* Given entries:

* * *

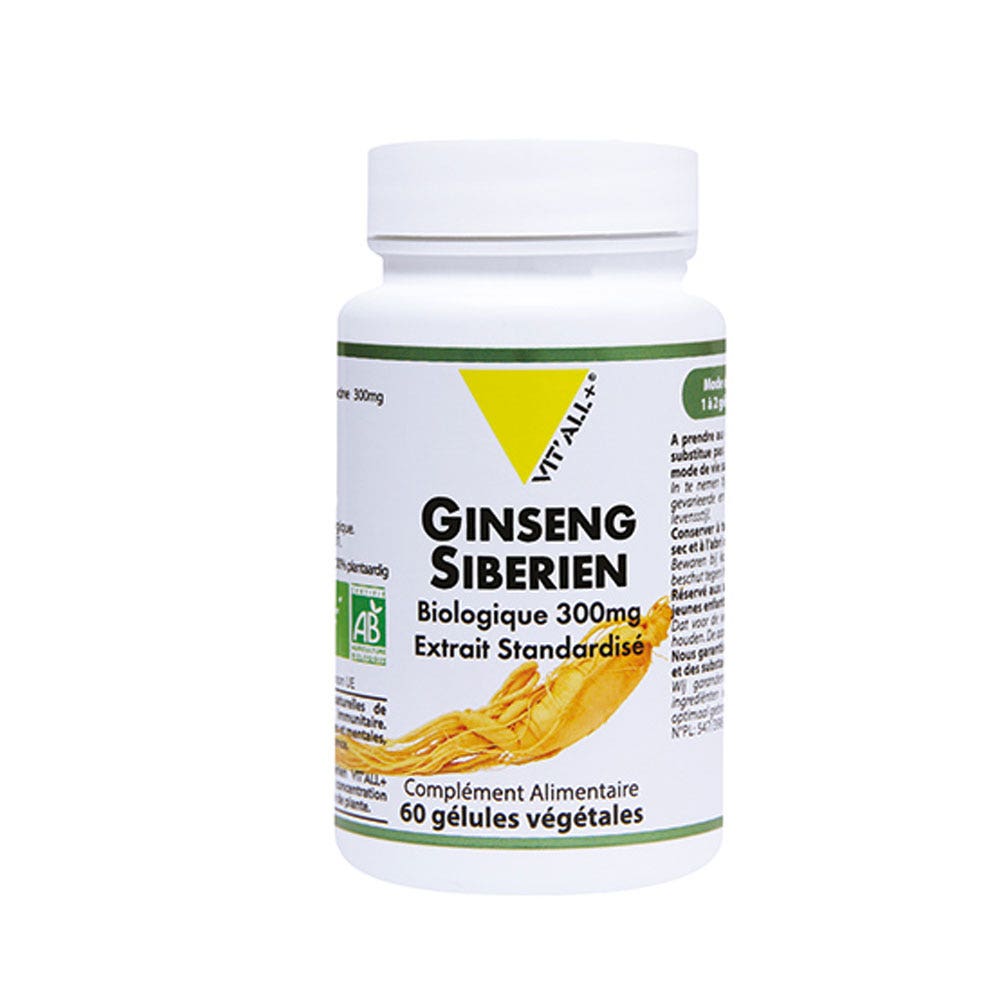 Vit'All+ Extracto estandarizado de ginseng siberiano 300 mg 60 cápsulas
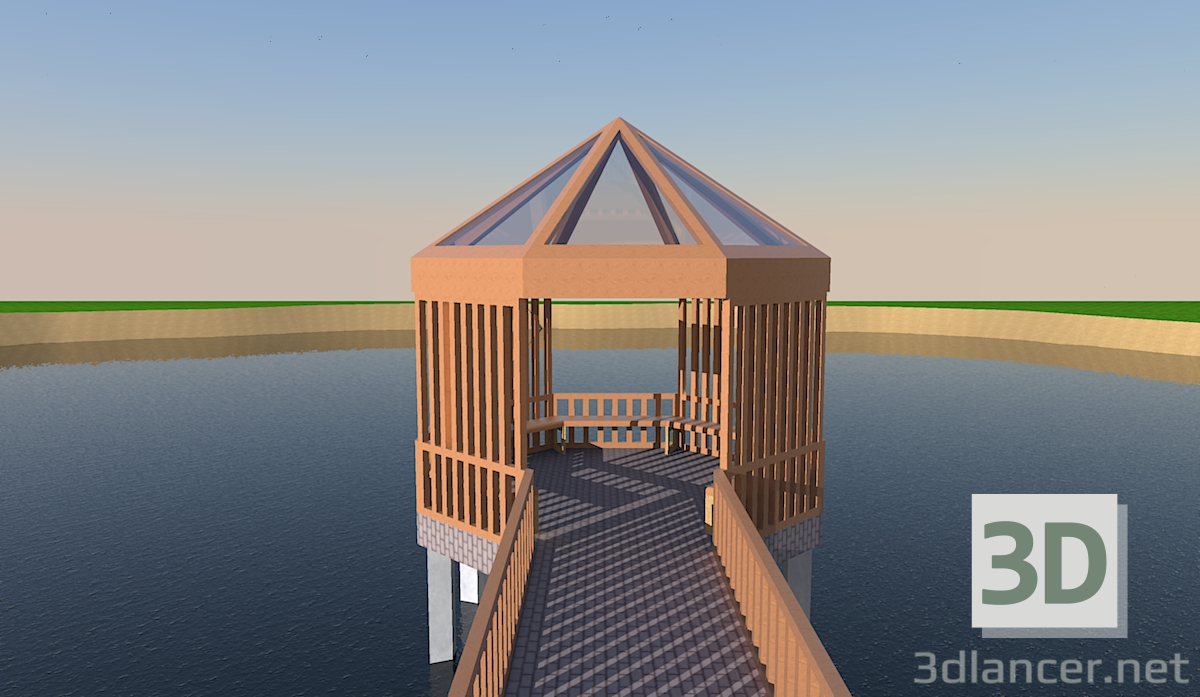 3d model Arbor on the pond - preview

* * *

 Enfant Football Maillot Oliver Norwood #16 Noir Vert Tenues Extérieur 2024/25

* * *

* Work instruction: In the listing above, find the line containing "Vit'All+ Extracto estandarizado". Output it and every line after it up to and including the line containing "3d model Arbor on the pond - preview", exactly, but skip the pictures.

* Finished task:
 Vit'All+ Extracto estandarizado de ginseng siberiano 300 mg 60 cápsulas
 3d model Arbor on the pond - preview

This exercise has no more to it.